Every line below must be reproduced exactly; no pictures are to be included.

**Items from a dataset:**
⟨

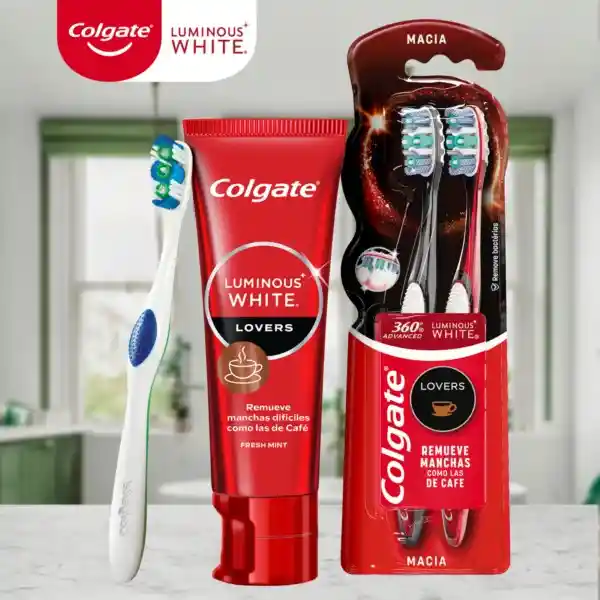 Colgate Crema Dental Luminous White Lovers Café 55 mL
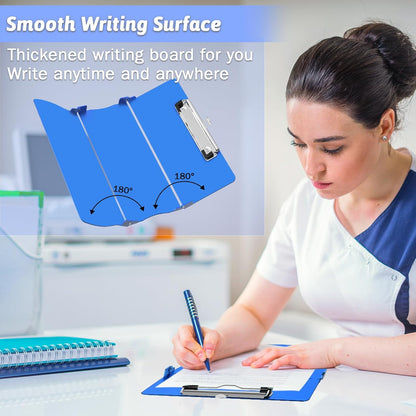 Nursing Clipboard Foldable Clipboard Medical: Edition Cheat Sheets Aluminum 3 Layers Foldable Clipboards Nursing Pocket Size Profile Clip Nurse Clipboards Notepad for Nurses Students and Doctors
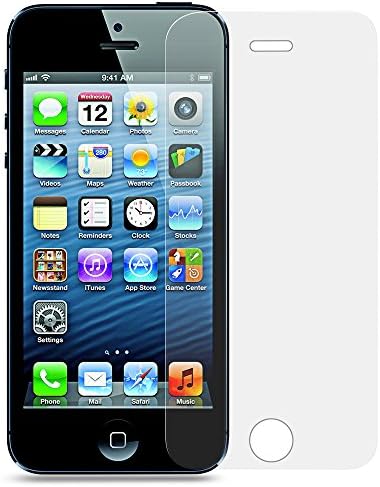 Protetor de tela para iPhone 5 5s, 0,26 mm de filme de protetor de tela de vidro temperado, 2,5d Edge 9h dureza 99,99% sensibilidade ao toque de clareza para iPhone 5/5s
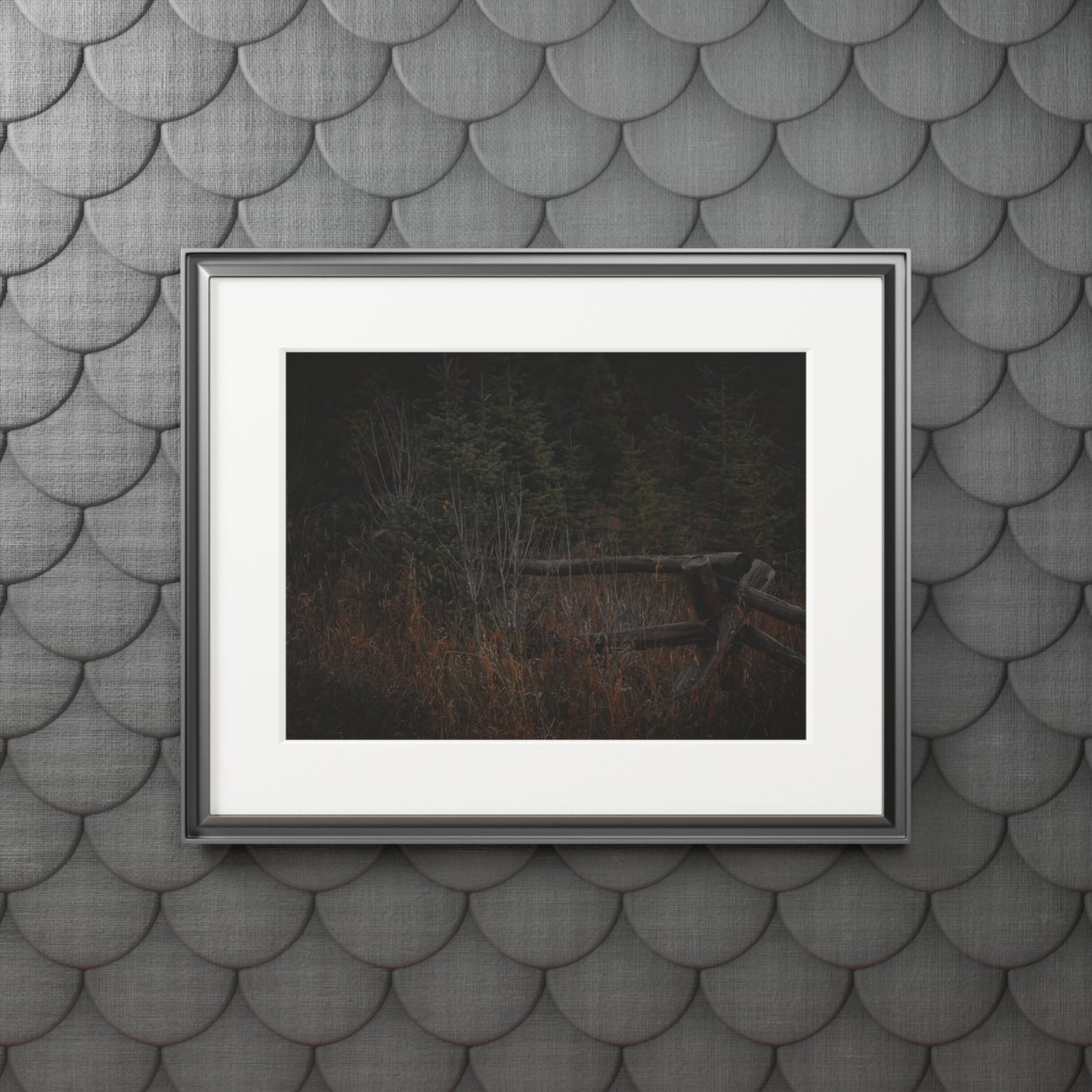 "Countryside Forest" Fine Art Prints (Passepartout Paper Frame)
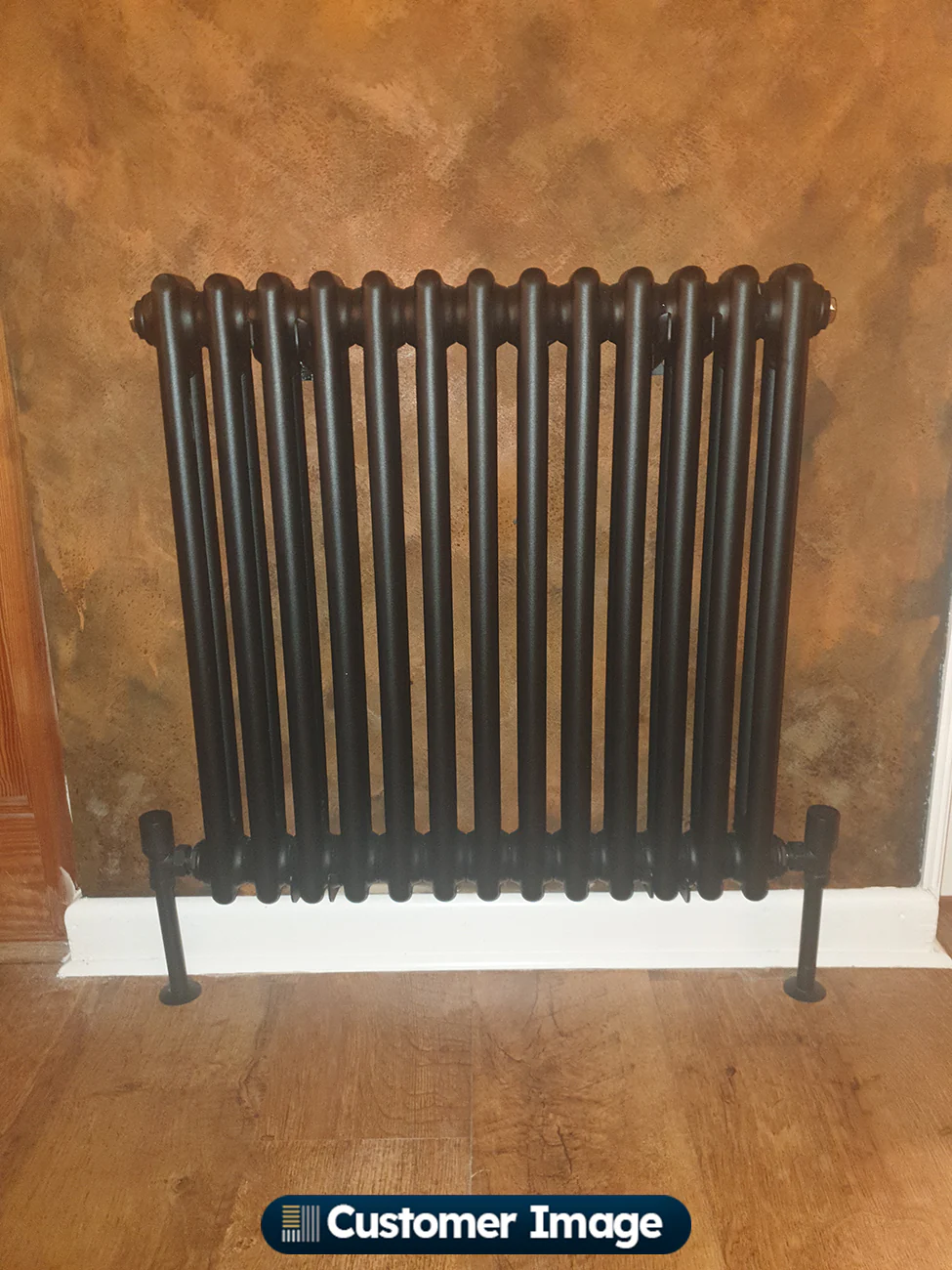 Alpha - Black Column Radiator H600mm x W592mm 2 Column - Image 4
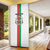 Personalized Burkina Faso Striped Door Cover African Mud Cloth Pattern - White - Wonder Print Shop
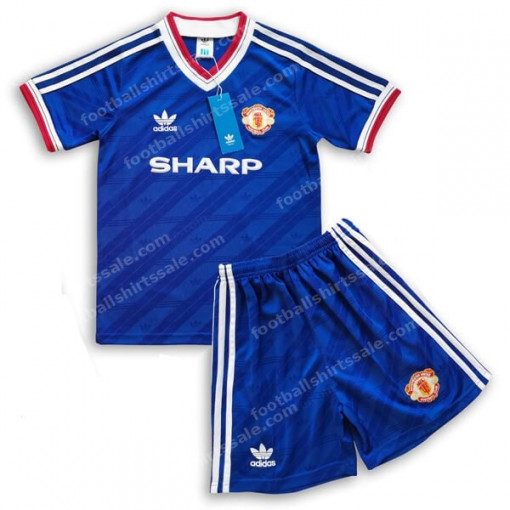 Manchester United Retro Third 86 Kids Football Kit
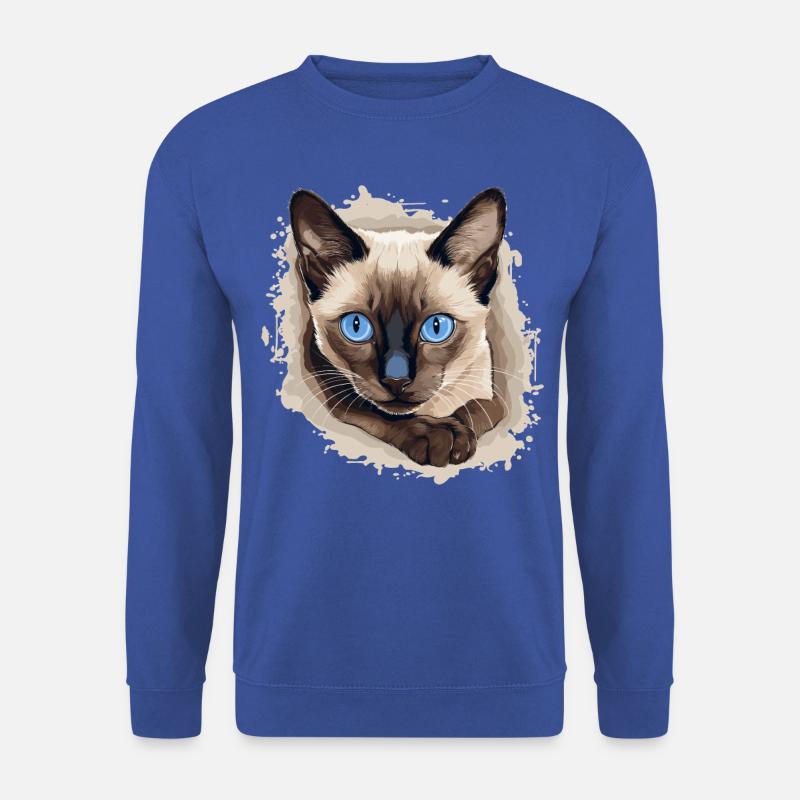 Siamese Cat Siamkatze - Unisex Pullover - Royalblau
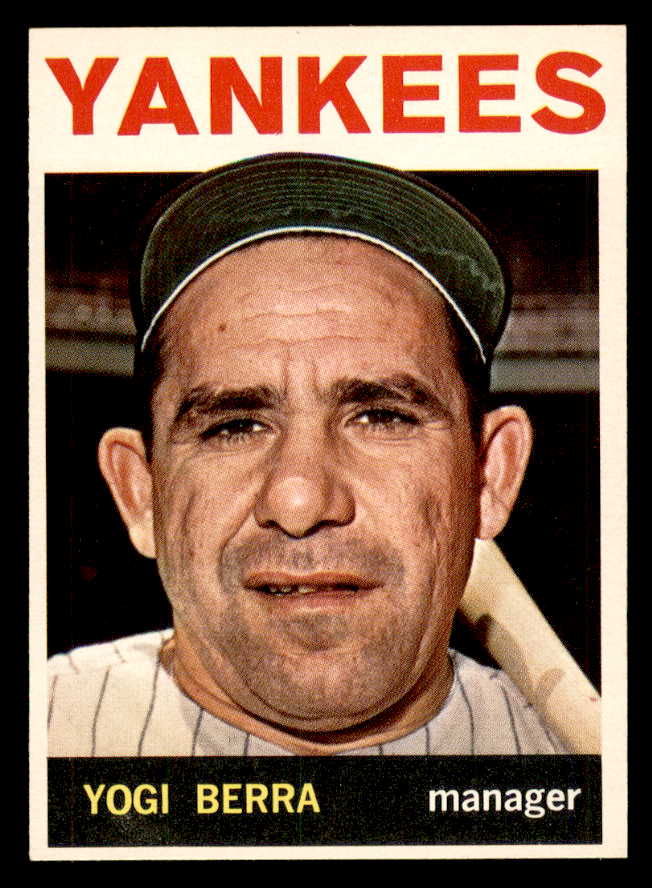1964 Topps Baseball # 21 Yogi Berra Yankees NR-MT 565527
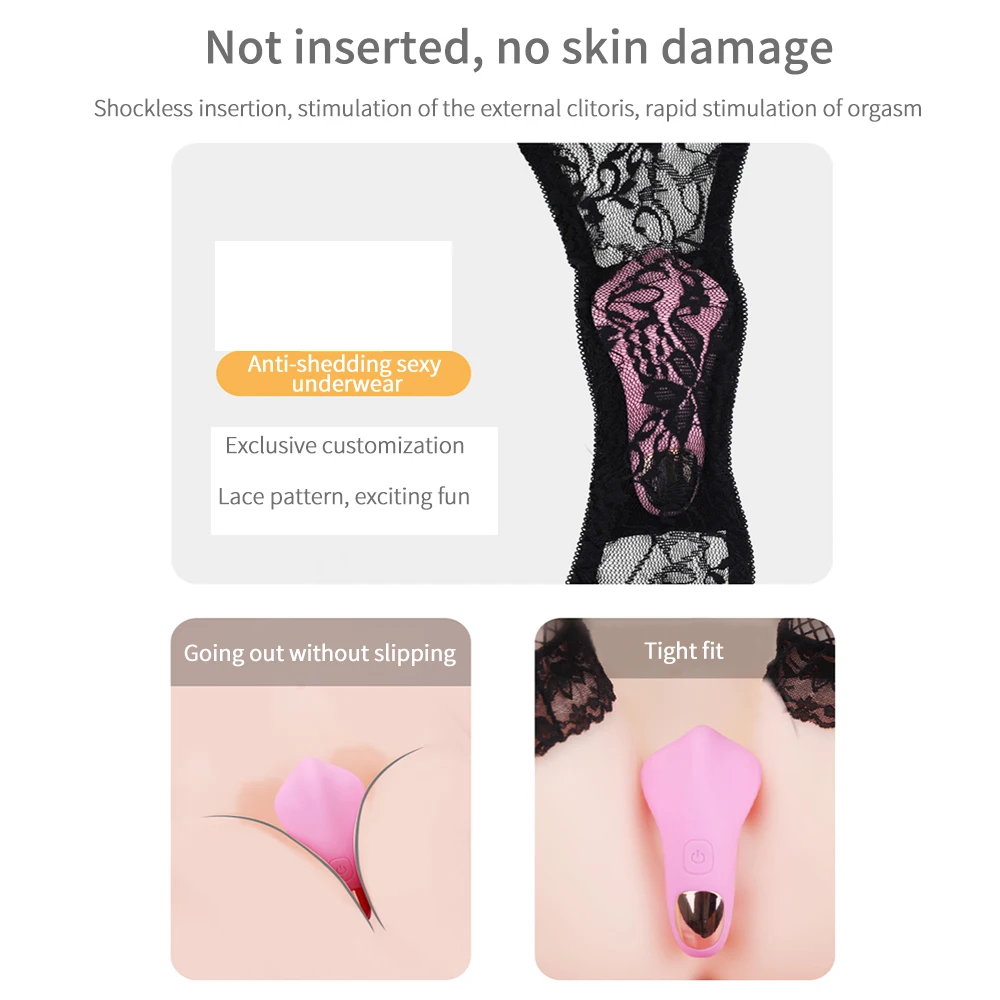 Вибрирующие трусики с дистанционным управлением через приложение невидимые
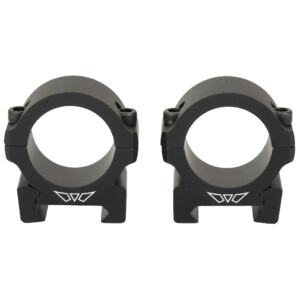 Warne Vapor 2-Piece Horizontal Scope Rings - 30mm - Low - Matte Black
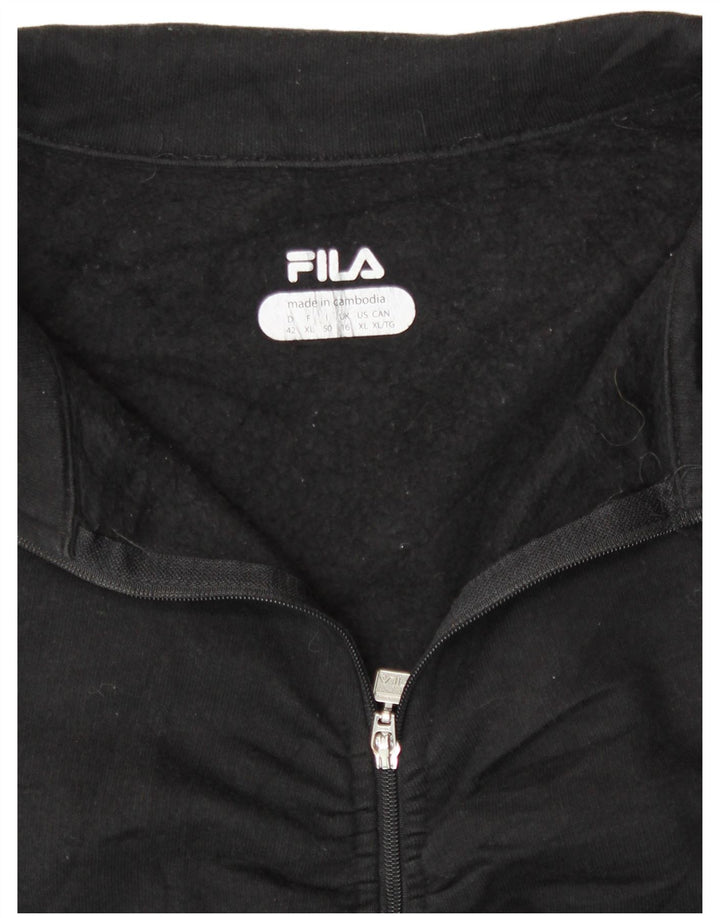Fila Womens Tracksuit Top Jacket UK 16 Grande Preto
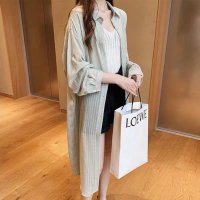 maison de LATIR/メゾンドラティール maison de LATIR 長く愛用できるシアーロング丈ストライプブラウス/508443262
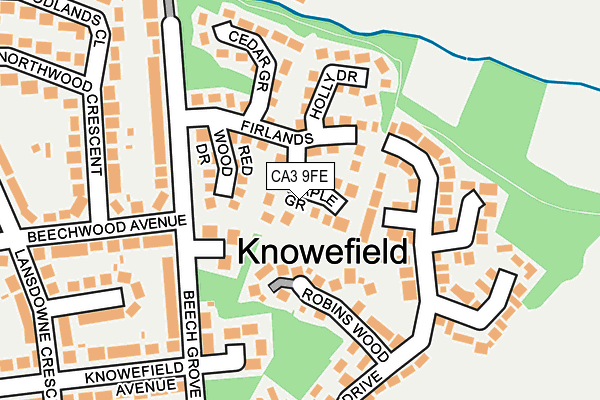 CA3 9FE map - OS OpenMap – Local (Ordnance Survey)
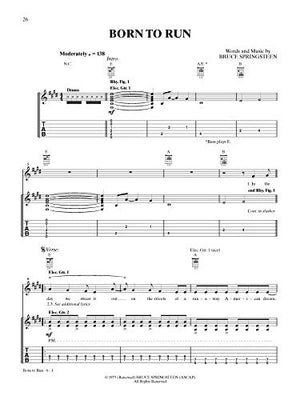 Bruce Springsteen Easy Guitar Songbook: Easy Guitar TAB,New
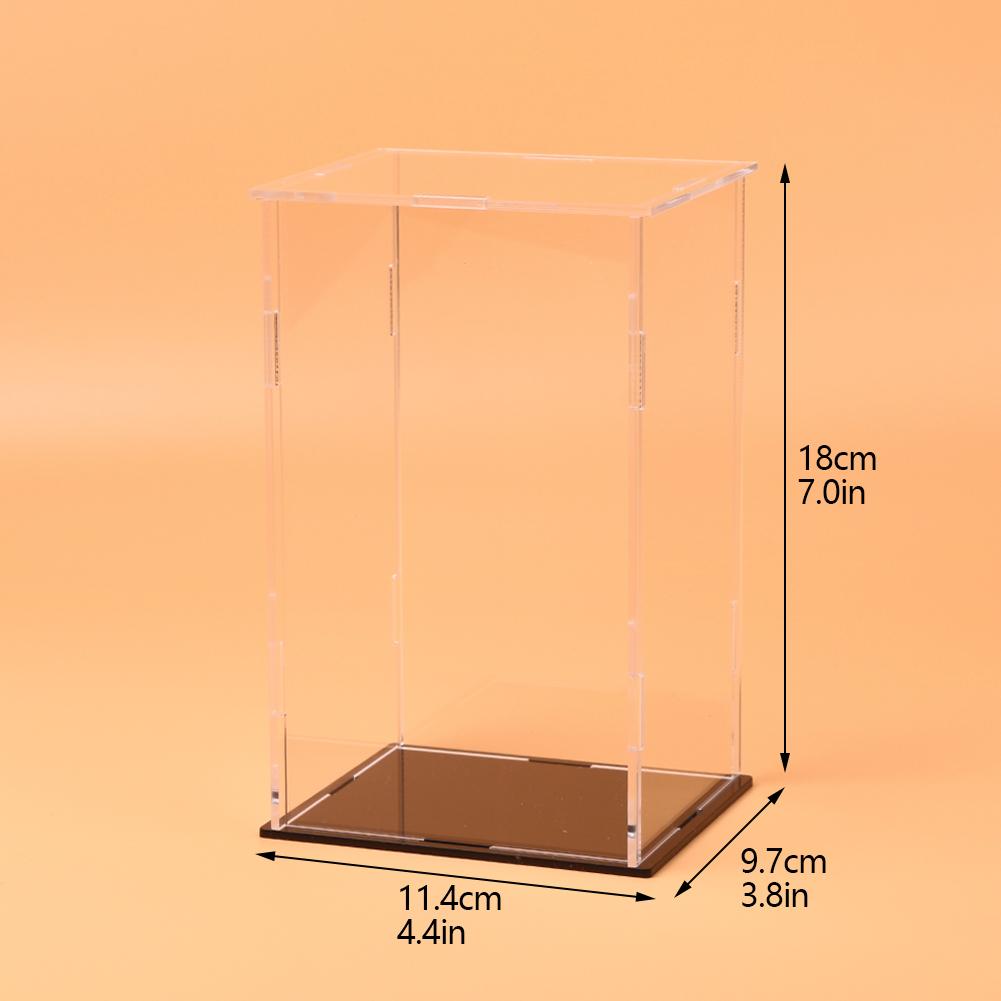 1 st Transparent Akryl Displayfodral Förvaringslåda 11,4x9,7x18cm för Labubu Plyschdockor/Leksaker Organizer Skyddsbehållare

⟩

**Answer for this exercise:**
 Colgate Crema Dental Luminous White Lovers Café 55 mL
 Nursing Clipboard Foldable Clipboard Medical: Edition Cheat Sheets Aluminum 3 Layers Foldable Clipboards Nursing Pocket Size Profile Clip Nurse Clipboards Notepad for Nurses Students and Doctors
 Protetor de tela para iPhone 5 5s, 0,26 mm de filme de protetor de tela de vidro temperado, 2,5d Edge 9h dureza 99,99% sensibilidade ao toque de clareza para iPhone 5/5s
 "Countryside Forest" Fine Art Prints (Passepartout Paper Frame)
 Alpha - Black Column Radiator H600mm x W592mm 2 Column - Image 4
 Personalized Burkina Faso Striped Door Cover African Mud Cloth Pattern - White - Wonder Print Shop
 Manchester United Retro Third 86 Kids Football Kit
 Siamese Cat Siamkatze - Unisex Pullover - Royalblau
1964 Topps Baseball # 21 Yogi Berra Yankees NR-MT 565527
 Вибрирующие трусики с дистанционным управлением через приложение невидимые
 Warne Vapor 2-Piece Horizontal Scope Rings - 30mm - Low - Matte Black
Fila Womens Tracksuit Top Jacket UK 16 Grande Preto
 maison de LATIR/メゾンドラティール maison de LATIR 長く愛用できるシアーロング丈ストライプブラウス/508443262
 CA3 9FE map - OS OpenMap – Local (Ordnance Survey)
 Bruce Springsteen Easy Guitar Songbook: Easy Guitar TAB,New
 1 st Transparent Akryl Displayfodral Förvaringslåda 11,4x9,7x18cm för Labubu Plyschdockor/Leksaker Organizer Skyddsbehållare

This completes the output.